The NCAA reports, on average, over 12,500 injuries annually. An injury that prevents students from competing is grounds for losing a scholarship. Furthermore, if the price tag sits between the student’s insurance coverage and the NCAA’s $90,000 threshold, institutions are not even required to front the bill. A freak accident on the field or during training could spell the end of not only a student’s athletic career, but that student’s academic one as well if there’s a scholarship tied to the student’s athletics. This is certainly not the treatment you would expect the administration to give to students who contribute both a significant amount of school spirit and revenue to the university.
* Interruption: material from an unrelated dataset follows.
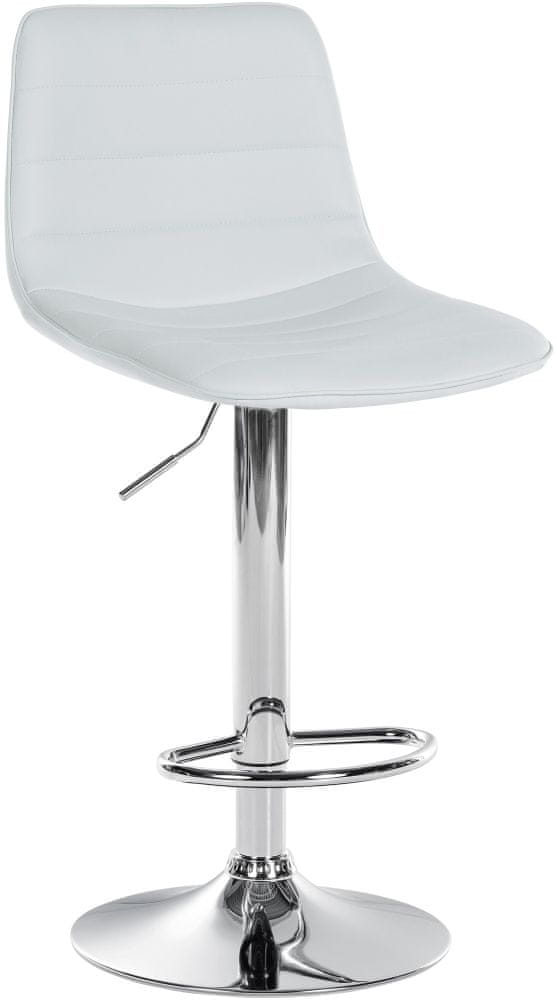 BHM Germany Barová stolička Lex, syntetická koža, chrómový podstavec / biela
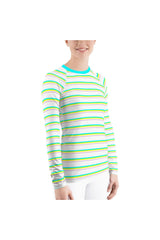 Bright Stripe Women's Rash Guard - Objet D'Art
While the UC system is not as large a perpetrator of this exploitation of students compared to other institutions, ensuring that student-athletes retain their scholarships regardless of chance injuries is a positive step toward recognizing athletes as students and as valued contributors to a university. The UC system should be commended even further for extending these benefits to its smaller schools outside of California’s “Big Four”: UCLA, Berkeley, Stanford and USC. Although these schools do not generate nearly as much profit as bigger Division-I schools, taking this step toward treating all student-athletes equally within the system is a positive one.
The extension of these benefits should not be seen as an afront to academics: whereas UCLA and UC Berkeley are UC institutions entrenched in the dogma of collegiate sports and its commercialization, other UC schools are primarily focused on academics. Student-athletes at these UC institutions have a higher average GPA than the one of the student body at large, with at least 60 percent of UCSD’s student-athlete population earning a GPA higher than 3.00. Student athletes should not have to worry about the next big injury jeopardizing their academic career.